Please retype the data below line for line and leave out every picture.

─── INFORMATION SHOWN

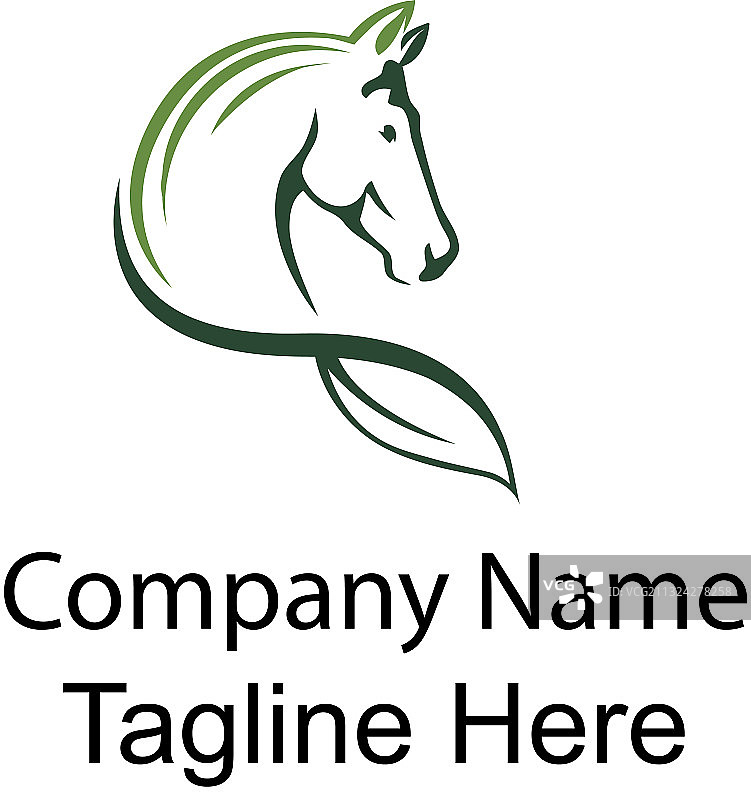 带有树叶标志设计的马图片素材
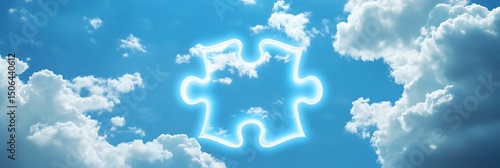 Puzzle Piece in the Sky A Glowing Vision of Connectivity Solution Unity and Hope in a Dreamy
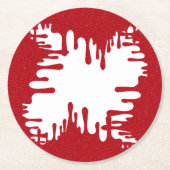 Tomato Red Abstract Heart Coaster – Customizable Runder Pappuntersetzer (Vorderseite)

──────

TASK ANSWER:
 带有树叶标志设计的马图片素材
 Puzzle Piece in the Sky A Glowing Vision of Connectivity Solution Unity and Hope in a Dreamy
 Tomato Red Abstract Heart Coaster – Customizable Runder Pappuntersetzer (Vorderseite)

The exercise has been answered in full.